Synthetic benchmarks.

David W. Hankins David_Hankins at
Wed Jul 19 20:08:40 UTC 2006

Someone asked me recently about DHCP server performance and how
to tune a large installation.  I thought my findings might be of
some more general use (or might spawn some discussion).

Naturally the first thing I thought of was disk performance: how
many fsync()s per second, and the usual advice about prepending
a "-" to your log file names in /etc/syslog.conf on the Linuxes,
reducing drive activity, etc.  The idea being not to use a
regular local disk, but rather a more capable write-back array
or even a solid-state disk on a battery.

He wanted numbers.

I happened to have a dual opteron system with 4GB of RAM and
a nice (old) 10-spindle raid array whose PCI controller uses a
battery backed-up cache (so it is write-back).

I don't have a solid state disk, so I manufactured a RAMdisk
as a very rough over-approximation.

Some datapoints, then.  First, fsyncs per second (after writing
a fairly average sized lease structure first, every entry in one
of the lease databases one of you users has donated to me over
the years):

  Laptop Hard Drive:					40
  Mylex ExtremeRAID (DAC960 derivative) w/battery:	400
  RAMdisk:						34,966

That doesn't sync up with the "4-7 leases per second" benchmark
we hear off and on when someone visits us to report that ISC
DHCP severely underpforms Windows' (which does not sync its
lease db before answering clients).

So I created a very synthetic benchmark: I altered the DHCP IO
subsystem to pass down a manufactured DHCP DISCOVER and REQUEST
packet that I had foreknowledge the server would answer a
specific way.  Infinite looped it, then counted replies.  The
result is an infinite DISCOVER/OFFER/REQUEST/ACK, and all of
the server's code is excercised (minus the read() to pull the
packet off the socket - one less system call).

This was easier at that moment than constructing a daemon to
spam dhcp client requests.

It should also be noted I disabled ping-check (because of the
infinite loop, the timeout queue would never be processed).

Skipping the laptop hard drive, which I think we know will
do the 4-8 that's been reported in the past, I went straight
for the high performance subsystems.  (Plus, this benchmark
isn't very usable on the laptop (packet flooding the broadcast

  Mylex ExtremeRAID:	160 packets per second (in+out)
  RAMdisk:		10,000 packets per second (in+out)

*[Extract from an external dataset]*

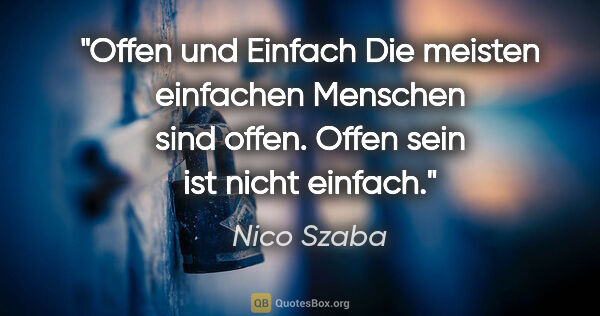 Nico Szaba Zitat: "Offen und Einfach
Die meisten einfachen Menschen sind..."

That's packets per second, so you'd have to halve the numbers
to get queries/responses numbers, then halve again to get
offer vs. ack (1 out of every 4 packets is one of these).

So that's 40 offers and 40 acks, 2,500 offers and 2,500 acks
respectively, per second.

Removing the DISCOVERs and going straight for the REQUEST's (I
knew this lease was active in the db, so I knew it would work):

  Mylex ExtremeRAID:	85 packets per second (in+out)
  RAMdisk:		8,500 packets per second (in+out)

That's curious.  I expected ~80 on the RAID array.  Fsync() is
the limiting factor after all, and we do that only on the
requests, so I'd expect to get half the previous number.  But
8,500 is not half of 10,000...that's odd.

Going back to compare fsync()s/s with requests/s:

  Laptop hard drive:	40	4-7?
  Mylex ExtremeRAID:	400	40-42
  RAMdisk A:		34,966	2,500 (discover/offer/request/ack)
  RAMdisk B:		34,966	4,250 (request/ack)

So actual performance is (very) approximately 10% of the fsync()
rate, until you get into the very high number of leases per
second, at which point it is coupled at an even higher 12.2%.
If you are only serving clients in INIT state (or assuming some
worst case), it's lower at 7.2%.  I'm guessing CPU starvation
is the cause, but I haven't had the time to repeat the test and

I wouldn't have expected there to be a curve there (or if there
was a curve, I expected it to go only down, as other non-fsync
related limitations took over as the new bottlenecks and faster
fsyncs mattered less and less).

But both of those are still smaller numbers than I'd previously

Anyway, I thought the above might be interesting to some users,
as at least a guideline in the absence of any true testing.

David W. Hankins	"If you don't do it right the first time,
Software Engineer		you'll just have to do it again."